A popular stochastic measure of the distance between any unknown function f and its estimator ${\hat{f}}_n$ is the integral square error (ISE), which is often used to study the performance of the estimator, defined by $\mathrm{I}\mathrm{S}\mathrm{E}\left({\hat{f}}_n\right(x),f(x\left)\right)=\int \left[{\hat{f}}_n\right(x)-f(x\left){]}^{2}w\right(x)\mathrm{d}x,$ and the mean integral squared error (MISE), i.e., $\mathrm{M}\mathrm{I}\mathrm{S}\mathrm{E}\left({\hat{f}}_n\right(x),f(x\left)\right)=E\int \left[{\hat{f}}_n\right(x)-f(x\left){]}^{2}w\right(x)\mathrm{d}x,$ where $w(\cdot )$ is a weight function.

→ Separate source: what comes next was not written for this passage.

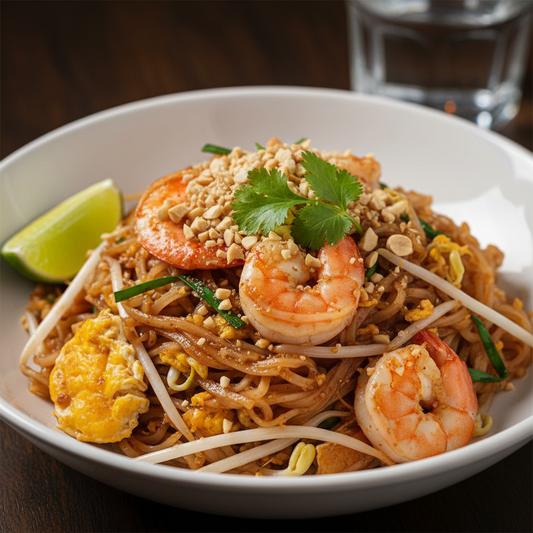 Finished Phad Thai dish made with Blue Elephant cooking set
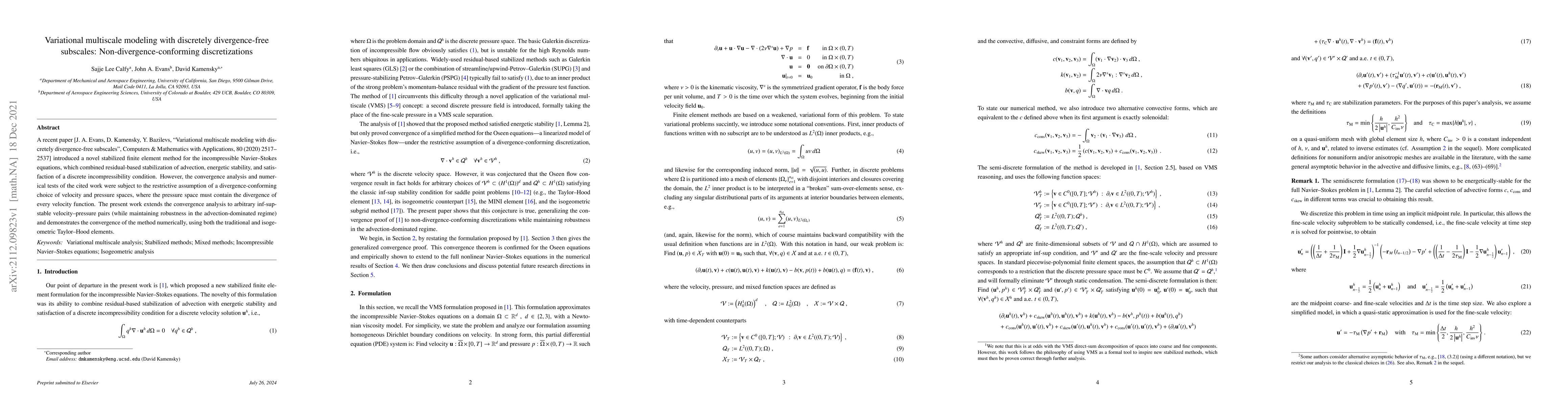 Thumbnail for Variational multiscale modeling with discretely divergence-free
  subscales: Non-divergence-conforming discretizations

The MISE of kernel estimator for density function is as follows: (3) $\mathrm{M}\mathrm{I}\mathrm{S}\mathrm{E}\sim C_1(nh{)}^{-1}+C_2{h}^{2r},$(3) where n denotes sample size, $0<h\to 0$ is bandwidth of the kernel estimator, r is order of kernel, $C_1$ and $C_2$ are constants depending on both the kernel and density function. The MISE expansion for kernel estimator generally fails if f does not have r derivatives. However, the asymptotic MISE for non-linear wavelet estimator is the same in both smooth and unsmooth density cases, a fact that is not true for the kernel method.

It is worth pointing out that there is no result available in the literature for non-linear wavelet density estimation with missing data. Based on the widespread existence of missing data and the advantage of non-linear wavelet method, we consider the asymptotic properties and finite sample performance of non-linear estimation and hazard rate estimation with missing data. In regression analysis, data missing is often divided into two cases: missing response variables and missing covariables. At the same time, there are three types of data missing mechanisms: missing completely at random, missing at random (MAR) and missing at non-random. In this paper, we focus on the situation of responses missing at random when covariables are present. Our contribution includes the following aspects.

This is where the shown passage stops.